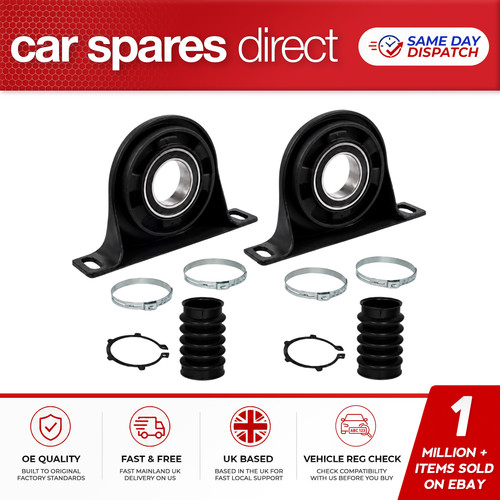 Crafter propshaft centre - vw,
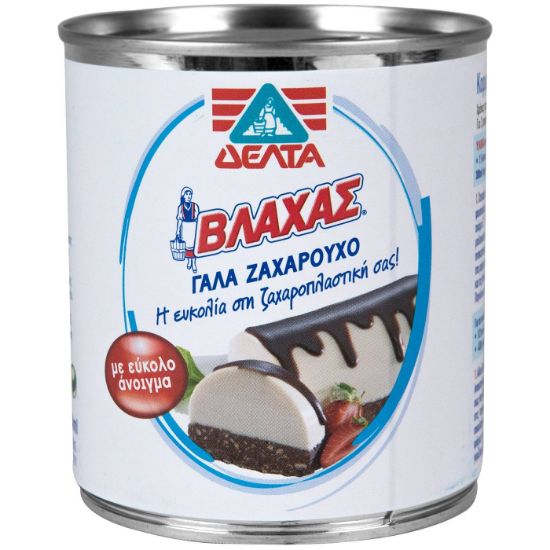 Vlachas sweetened milk (397g)
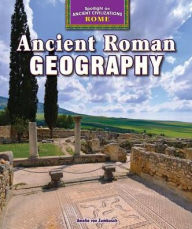 Title: Ancient Roman Geography, Author: Amelie Von Zumbusch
◇ ◇ ◇ ◇ ◇ ◇ ◇
Task statement
Starting at the line with "Vlachas sweetened milk (397g)", transcribe the listing above exactly through its last line. No picture belongs in the transcription.

Written response
 Vlachas sweetened milk (397g)
 Title: Ancient Roman Geography, Author: Amelie Von Zumbusch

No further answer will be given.